How to complete this task: Take the entries that follow and return only the lines from the one with "Brawon Winter Cozy" through the final line, leaving every picture behind.

Task data:
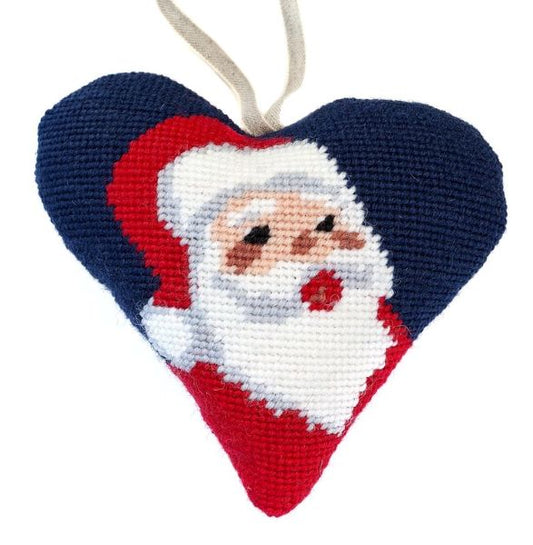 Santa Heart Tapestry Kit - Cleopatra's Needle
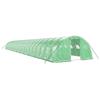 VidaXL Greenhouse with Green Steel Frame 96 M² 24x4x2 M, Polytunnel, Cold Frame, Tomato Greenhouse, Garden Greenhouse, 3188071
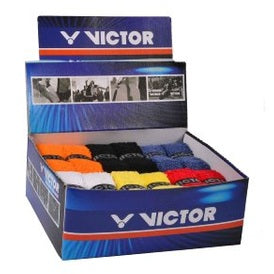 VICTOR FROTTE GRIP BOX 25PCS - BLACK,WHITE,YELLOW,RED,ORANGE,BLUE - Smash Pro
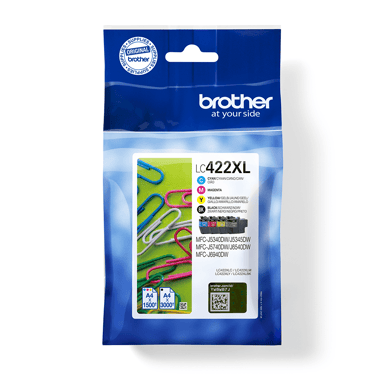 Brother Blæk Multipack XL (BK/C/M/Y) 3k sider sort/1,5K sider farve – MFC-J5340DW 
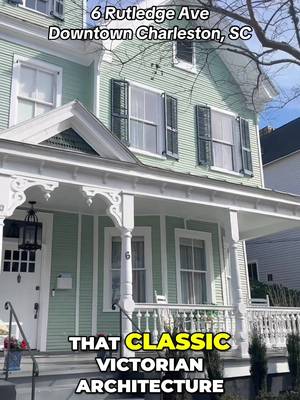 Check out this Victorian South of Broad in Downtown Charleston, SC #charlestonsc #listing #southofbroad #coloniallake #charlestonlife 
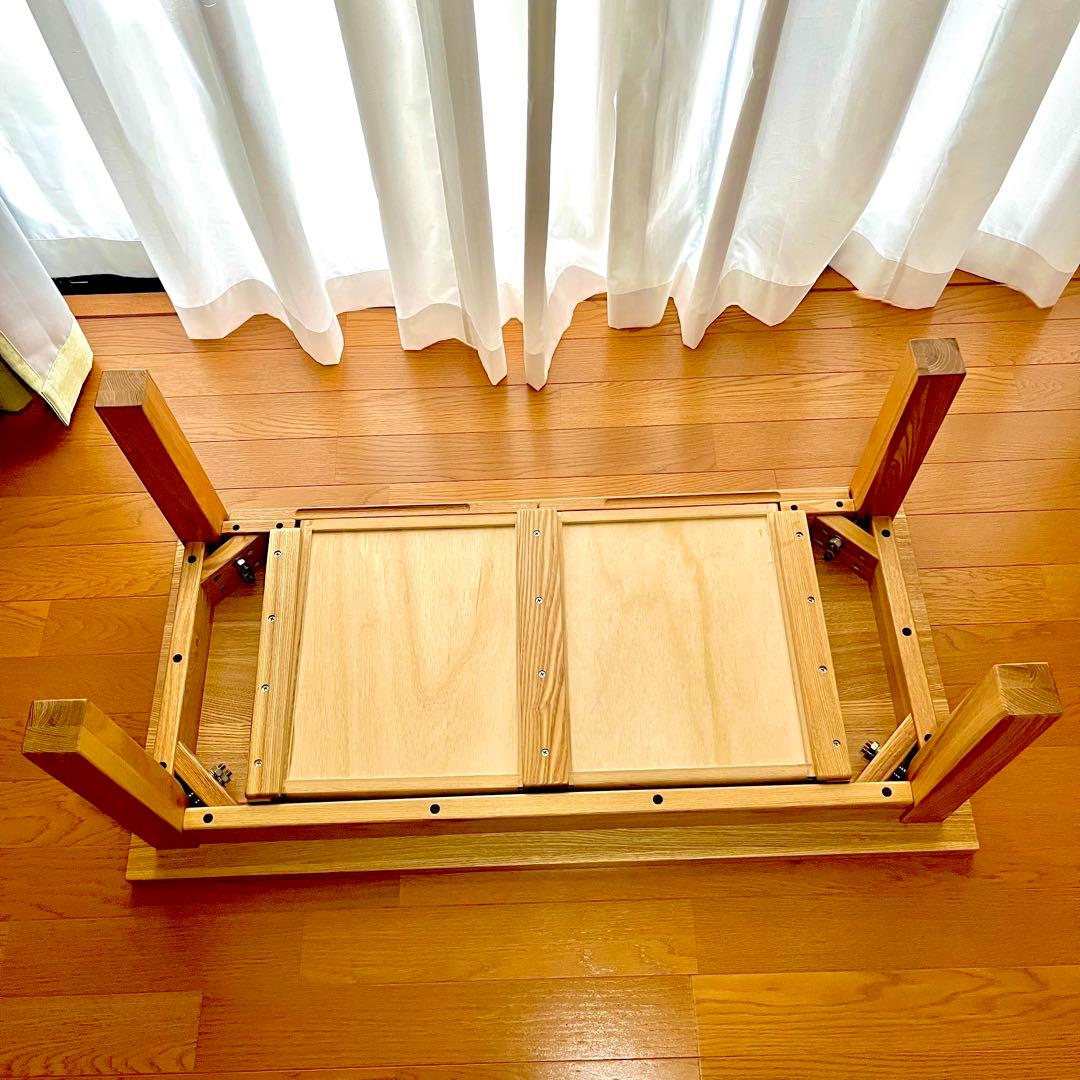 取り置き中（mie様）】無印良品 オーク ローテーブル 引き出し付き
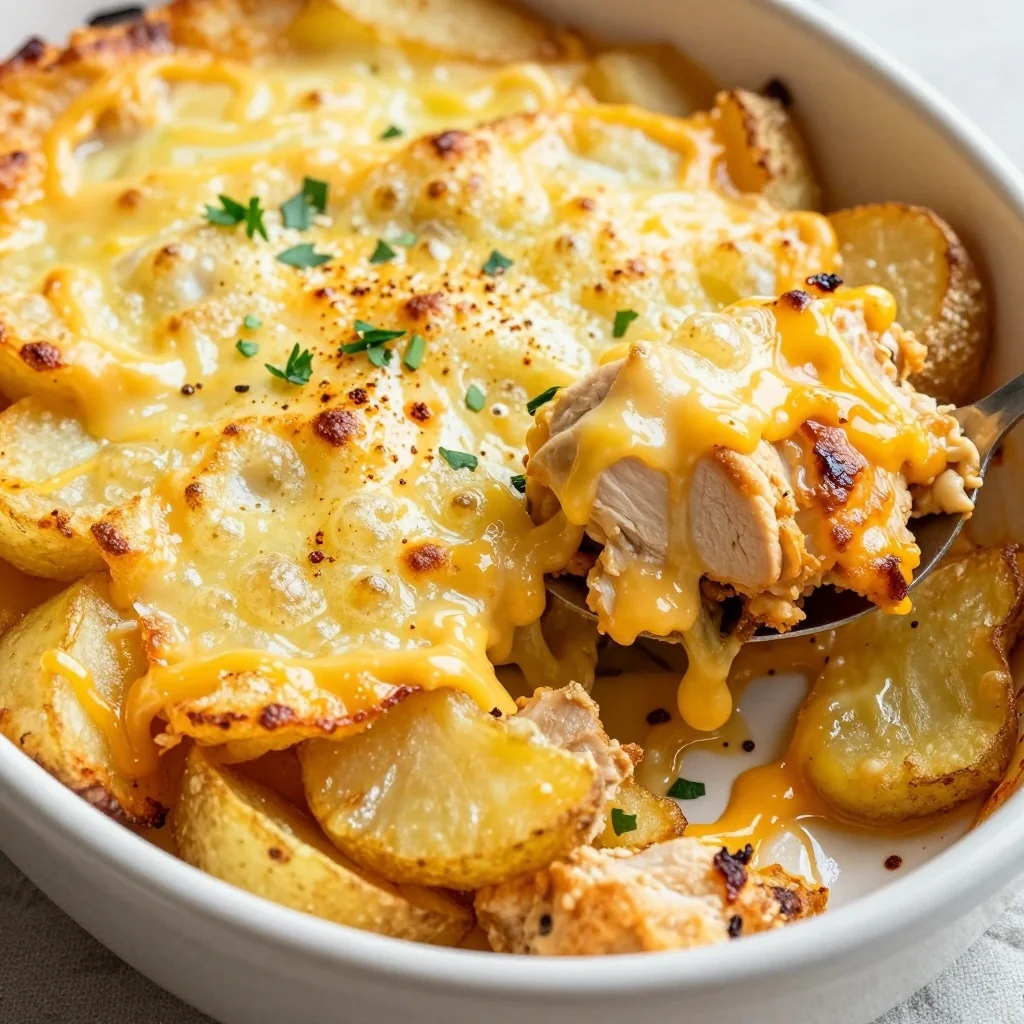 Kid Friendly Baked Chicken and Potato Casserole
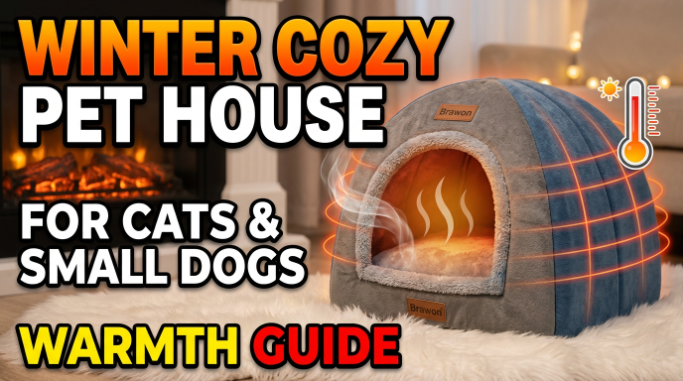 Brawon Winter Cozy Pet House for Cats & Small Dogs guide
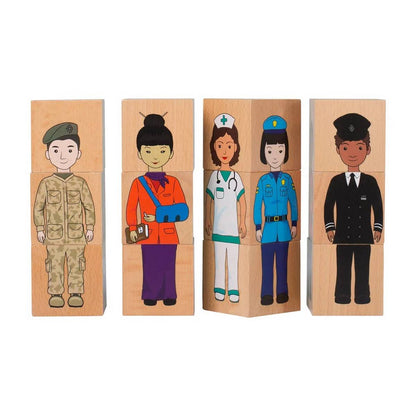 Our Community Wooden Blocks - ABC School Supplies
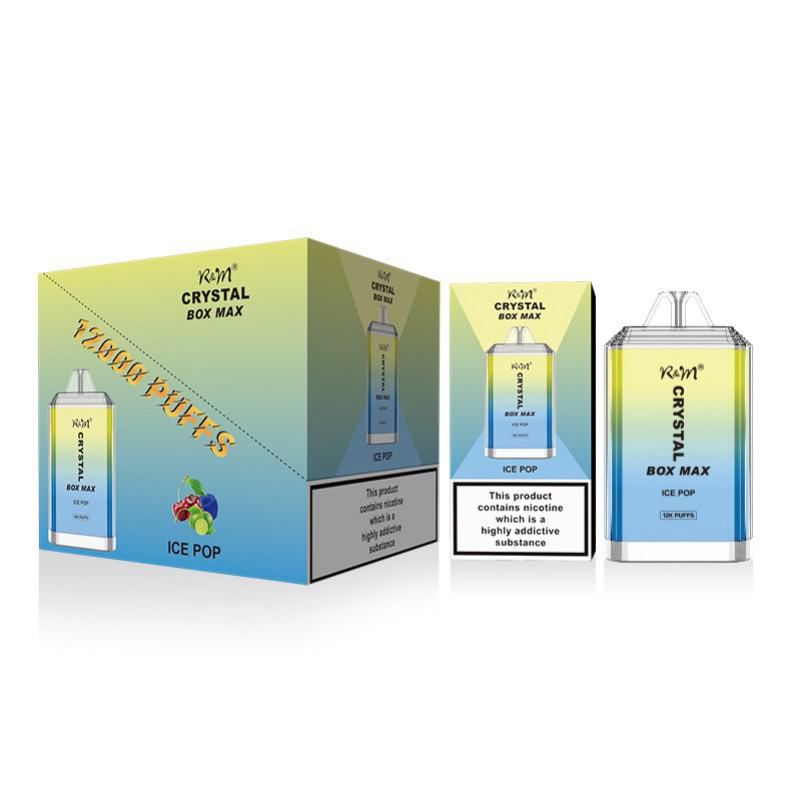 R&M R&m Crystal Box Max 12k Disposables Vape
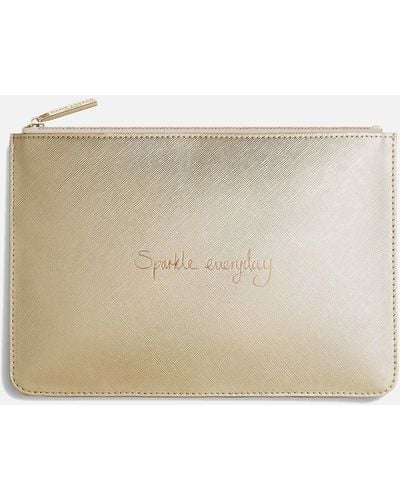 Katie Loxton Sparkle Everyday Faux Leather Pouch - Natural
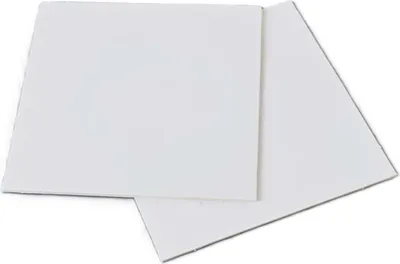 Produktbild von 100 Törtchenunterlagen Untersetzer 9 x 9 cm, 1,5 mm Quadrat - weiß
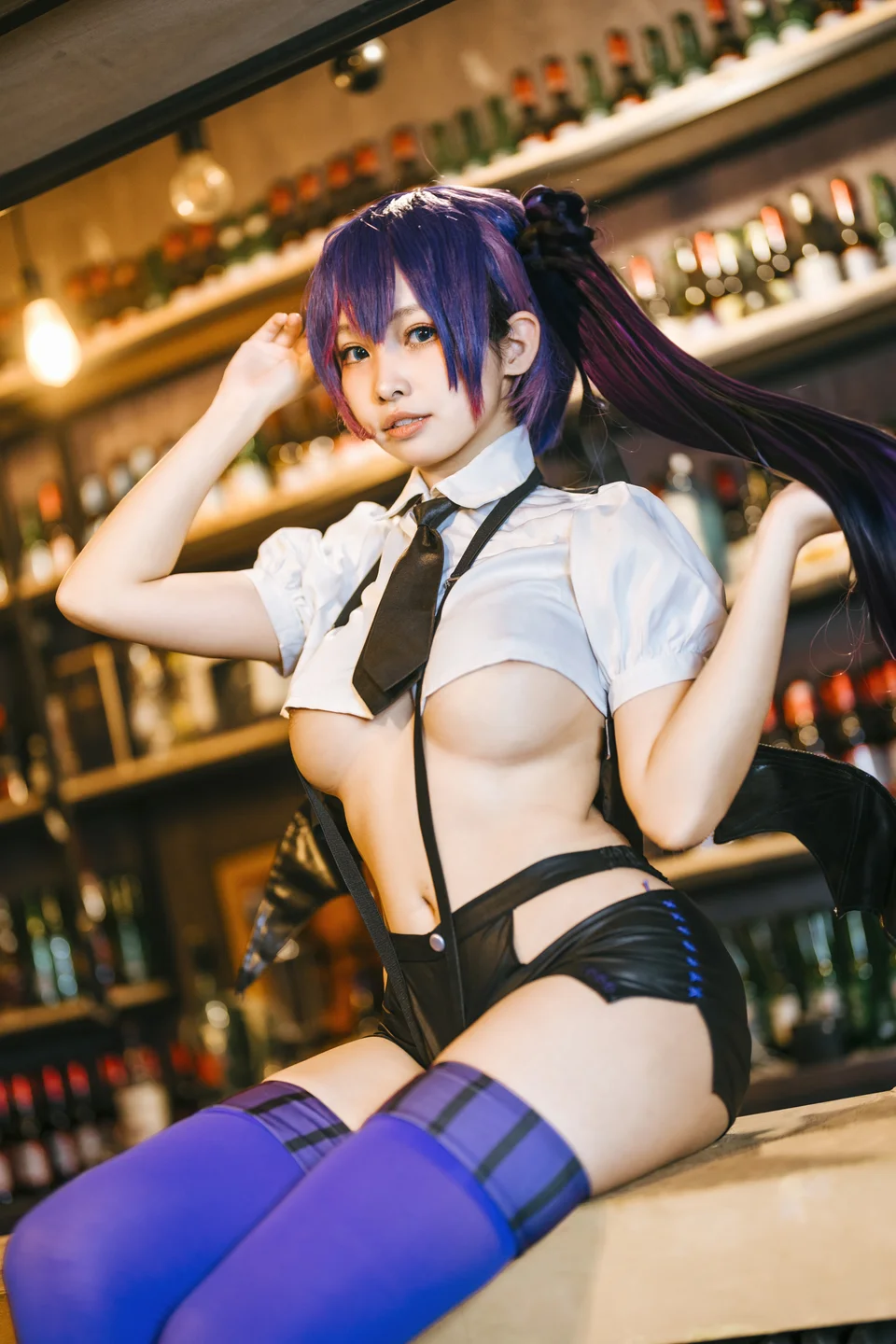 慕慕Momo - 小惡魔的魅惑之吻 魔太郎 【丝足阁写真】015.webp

Result for this task:
 Brawon Winter Cozy Pet House for Cats & Small Dogs guide
 Our Community Wooden Blocks - ABC School Supplies
 R&M R&m Crystal Box Max 12k Disposables Vape
 Katie Loxton Sparkle Everyday Faux Leather Pouch - Natural
 Produktbild von 100 Törtchenunterlagen Untersetzer 9 x 9 cm, 1,5 mm Quadrat - weiß
 慕慕Momo - 小惡魔的魅惑之吻 魔太郎 【丝足阁写真】015.webp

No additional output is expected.